En su página de Facebook, el Sr. Arzú se ha quejado en estos días de las pintas llevadas a cabo durante la manifestación del Día del Trabajo en las estaciones del Transmetro y en el Paseo de la Sexta.
Su queja es comprensible y razonable, sobretodo viniendo de
alguien que le pone tanto énfasis al ornato. Lo que no entiendo es por qué se
queja siempre de las pintas y nunca de las vallas publicitarias y su desmedida
contaminación visual si las dos son, en última instancia, caras de una misma
moneda. Así como al Sr.
Arzú y a muchísimos otros les molesta con razón que se arruine lo que es de
todos, a mí y a muchísimos otros nos molesta que las vallas publicitarias
arruinen lo que también es de todos: el paisaje, la vista, el derecho a ver el
atardecer, etc. Algunos dirán que no es lo mismo, que unos pagaron por el
derecho a anunciarse mientras que otros lo hicieron sin la anuencia de las
autoridades, pero a mí, y supongo que a muchísimos otros, nunca nadie nos ha
preguntado si estamos de acuerdo con las vallas publicitarias o si aprobamos que
el espacio publico sea vendido a las empresas, instituciones o, peor aún,
políticos que se anuncian en las mismas.
Quizás la única diferencia realmente
significativa entre las pintas y las vallas publicitarias es que estas últimas
son percibidas como parte de la “normalidad” y la “paz” cotidiana, mientras que
las pintas son, por el contrario, vistas como una irrupción en el orden
establecido, es decir, como actos violentos perpetrados por sujetos específicos en el contexto de
una aparente normalidad. Esta violencia subjetiva perpetrada por agentes
concretos es, sin embargo, únicamente el tipo de violencia más visible entre
otros tipos de violencia como, por ejemplo, la violencia simbólica de los
discursos racistas, homofóbicos o misóginos; o la violencia sistémica inherente
al normal funcionamiento de nuestro sistema económico y político, misma que produce y
reproduce relaciones de explotación, exclusión y marginalización. Son
precisamente estos tipos de violencia objetiva los que en gran medida producen
y mantienen la supuesta normalidad contra la cual se juzga la violencia
subjetiva como un acto irracional que atenta contra la “paz” y el orden
establecido.
No dudo que muchas
de estas campañas o programas generen cambios realmente positivos en algunas
personas, o que logren aliviar en cierta medida los problemas mencionados.
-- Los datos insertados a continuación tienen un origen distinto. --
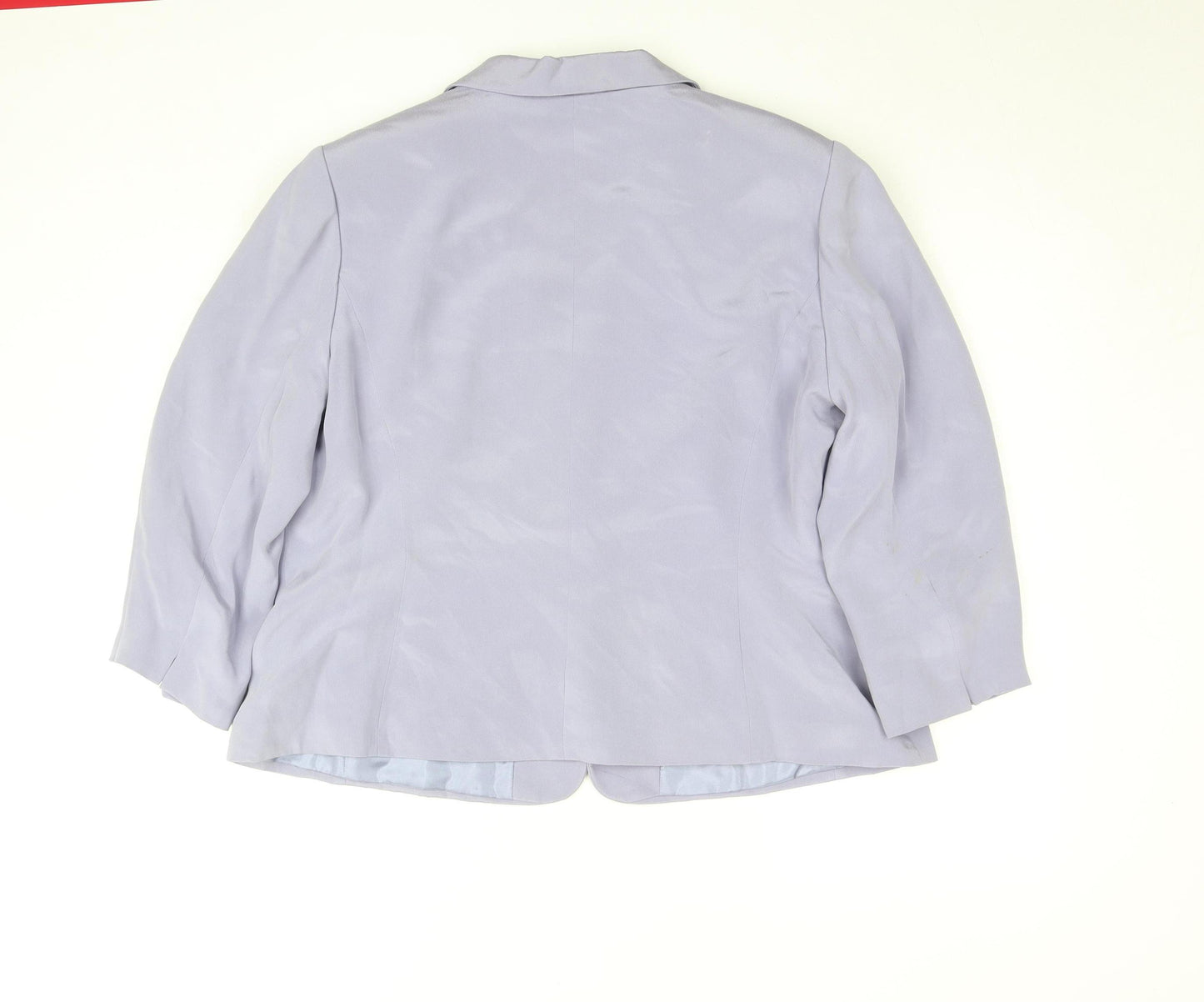 Windsmoor Womens Purple 3/4 Sleeve Lined Blazer Size 14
Pero
este tipo de campañas o proyectos son también percibidos por muchos como gestos
esencialmente hipócritas que dan con una mano lo que primero quitaron con la
otra. En efecto, muchas (no todas) de las personas, instituciones, empresas, corporaciones
e incluso ONGs que organizan y promueven estas iniciativas son justamente agentes
de la violencia estructural que produce y reproduce muchos de los problemas que
buscan erradicar: pobreza, hambre, desigualdad, falta de oportunidades, etc. Y
lo mismo se podría decir tanto de los proyectos paliativos del estado como de
los funcionarios públicos que se encaraman al barco de la “filantropía” privada
e intiman con sus promotores, pues la función primordial del estado no debería
ser la de apagar incendios sino, más bien, la de evitar a nivel integral que los
haya.
En todo caso, mientras
las autoridades edilicias y estatales, en contubernio con las élites políticas
y económicas, decidan soberanamente quién puede hablar en el espacio público y
quién no, los actos de violencia subjetiva como las pintas y los bloqueos de
carreteras son para muchos el único mecanismo del que disponen para hacerse
escuchar y así contrarrestar la violencia objetiva de un sistema político-económico
que, histórica y sistemáticamente, ha contribuido considerablemente a crear las
condiciones políticas, económicas y sociales que motivan la misma violencia
subjetiva que condenan. Esto, que quede claro, no implica necesariamente avalar
o repudiar estos actos sino intentar comprenderlos en toda su dimensión.